Does anyone know if Acrobat Pro has a feature to do that? I cannot find it with the preflight options.
You can make invisible text when you place a pdf onto a page in InDesign, and partly crop the pdf. Export into a new PDF, and the hidden text is still there. Cleanup would get rid of it, but would convert the file to less readable images. Hidden text is very nice in a situation with a scanned paper, where the scanner has an OCR function after scanning. And you wouldn't want to get rid of that hidden text.
Copy link to clipboard
Copied
This has been possible in Acronat Pro for a while though I have not really tried it out myself - please check out this help article (scroll towards the bottom and look for "Find and remove hidden content"):
Removing sensitive content from PDFs in Adobe Acrobat DC
Olaf
Copy link to clipboard
Copied
Hi Olaf, thanks for your reply.
The redaction option is the problem, actually. It is not precise enough. It removes all kinds of hidden text at once (doesn't allow specific choices) and after that it converts the PDF into an image. It would be a huge improvement if you could specify that only text that is hidden by a mask could be removed.

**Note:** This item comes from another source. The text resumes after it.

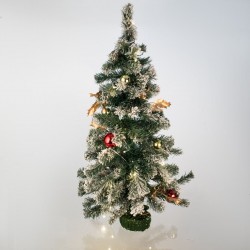 Brad de Craciun Artificial de Masa Impodobit cu 40 de Becuri LED Baterie - 90cm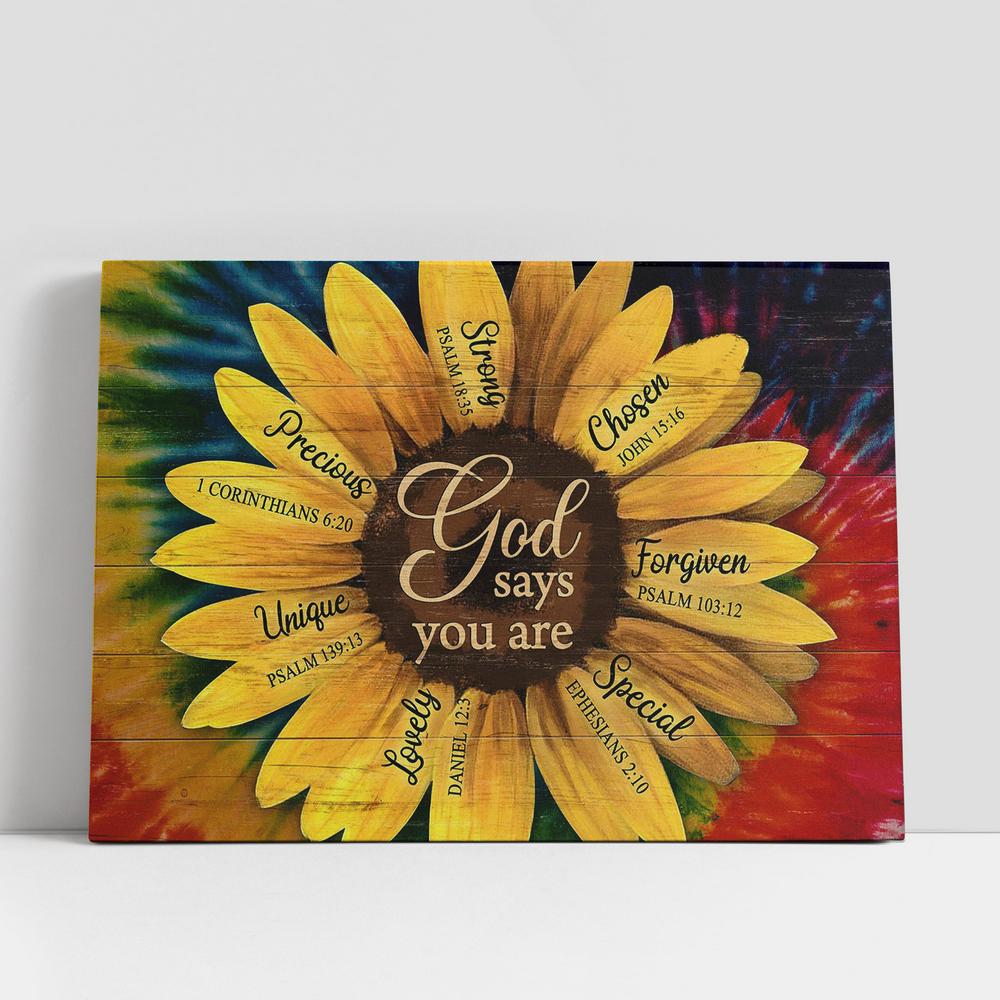 Sunflower God Says You Are Canvas Art, Bible Verse Wall Art, Wall Decor Christian Gifts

When you scan a paper into PDF and have an OCR function applied to it, it also has hidden text. But in this case it helps to make the content searchable: then it's Okay to leave it. There the redaction tools help you to erase text that was visible on paper AND was added as invisible text in the OCR layer.
If you would continue the redaction process and delete all hidden text, you would lose your OCR-text again. You don't want to do that either, because then your PDF wouldn't be searchable at all anymore.
Copy link to clipboard
Copied
Found it! 🙂
I just managed to compose a preflight action that removes objects that are outside the current clipping area. This doesn't remove the invisible ocr text: that text has no color, is on top of the image of the page, and is NOT inside a clipping area. The text (as well as other objects) that is found outside any clipping area and therefore invisible will be removed.
Copy link to clipboard
Copied
Dude. That was exactly what I was looking for. Thanks a lot!